Scan the entries below and return each line that contains "Leather".

* * * * * * * * *

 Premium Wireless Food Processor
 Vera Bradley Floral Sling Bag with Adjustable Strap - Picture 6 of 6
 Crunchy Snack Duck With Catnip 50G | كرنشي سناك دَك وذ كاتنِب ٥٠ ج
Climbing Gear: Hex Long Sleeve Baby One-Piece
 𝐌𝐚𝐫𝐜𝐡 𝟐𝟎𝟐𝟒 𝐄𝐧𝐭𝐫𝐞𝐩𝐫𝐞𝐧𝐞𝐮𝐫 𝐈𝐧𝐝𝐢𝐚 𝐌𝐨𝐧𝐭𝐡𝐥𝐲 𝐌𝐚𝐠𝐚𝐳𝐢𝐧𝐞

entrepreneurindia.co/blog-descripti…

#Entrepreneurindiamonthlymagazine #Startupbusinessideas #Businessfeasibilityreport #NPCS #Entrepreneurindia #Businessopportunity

* * * * * * * * *

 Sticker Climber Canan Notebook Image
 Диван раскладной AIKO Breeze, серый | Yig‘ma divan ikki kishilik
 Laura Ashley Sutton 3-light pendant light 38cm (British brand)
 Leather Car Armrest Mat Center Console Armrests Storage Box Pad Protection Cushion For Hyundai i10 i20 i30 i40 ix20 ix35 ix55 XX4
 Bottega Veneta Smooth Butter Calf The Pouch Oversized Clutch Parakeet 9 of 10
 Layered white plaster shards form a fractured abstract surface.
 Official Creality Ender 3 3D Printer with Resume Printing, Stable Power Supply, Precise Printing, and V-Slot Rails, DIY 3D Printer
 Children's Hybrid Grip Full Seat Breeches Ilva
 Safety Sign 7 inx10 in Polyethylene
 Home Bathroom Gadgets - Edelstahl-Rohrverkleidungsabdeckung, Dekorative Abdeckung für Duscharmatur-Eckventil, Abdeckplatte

* * * * * * * * *

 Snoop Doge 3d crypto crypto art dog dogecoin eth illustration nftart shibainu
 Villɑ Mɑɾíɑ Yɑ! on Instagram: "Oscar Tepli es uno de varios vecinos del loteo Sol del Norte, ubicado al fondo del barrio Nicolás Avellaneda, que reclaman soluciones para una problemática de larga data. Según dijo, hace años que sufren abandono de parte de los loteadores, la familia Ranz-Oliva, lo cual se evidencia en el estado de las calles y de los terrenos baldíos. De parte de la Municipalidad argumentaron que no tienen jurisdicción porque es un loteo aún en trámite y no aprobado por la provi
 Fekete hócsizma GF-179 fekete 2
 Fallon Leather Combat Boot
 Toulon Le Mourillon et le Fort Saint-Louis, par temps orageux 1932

* * * * * * * * *

RESPONSE TO THE EXERCISE
 Leather Car Armrest Mat Center Console Armrests Storage Box Pad Protection Cushion For Hyundai i10 i20 i30 i40 ix20 ix35 ix55 XX4
 Fallon Leather Combat Boot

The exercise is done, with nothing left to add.